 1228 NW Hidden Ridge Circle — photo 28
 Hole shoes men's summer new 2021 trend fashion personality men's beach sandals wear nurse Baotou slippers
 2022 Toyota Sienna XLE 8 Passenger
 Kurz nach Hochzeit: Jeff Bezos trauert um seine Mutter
#####
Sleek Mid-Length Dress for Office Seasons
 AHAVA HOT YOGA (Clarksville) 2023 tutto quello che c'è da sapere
#####
→ **WHAT THIS TASK INVOLVES**:
Using the entries above, output exactly the lines between the line holding "Hole shoes men's" and the line holding "Kurz nach Hochzeit: Jeff", end lines included, and nothing more.

→ **TASK RESPONSE**:
 Hole shoes men's summer new 2021 trend fashion personality men's beach sandals wear nurse Baotou slippers
 2022 Toyota Sienna XLE 8 Passenger
 Kurz nach Hochzeit: Jeff Bezos trauert um seine Mutter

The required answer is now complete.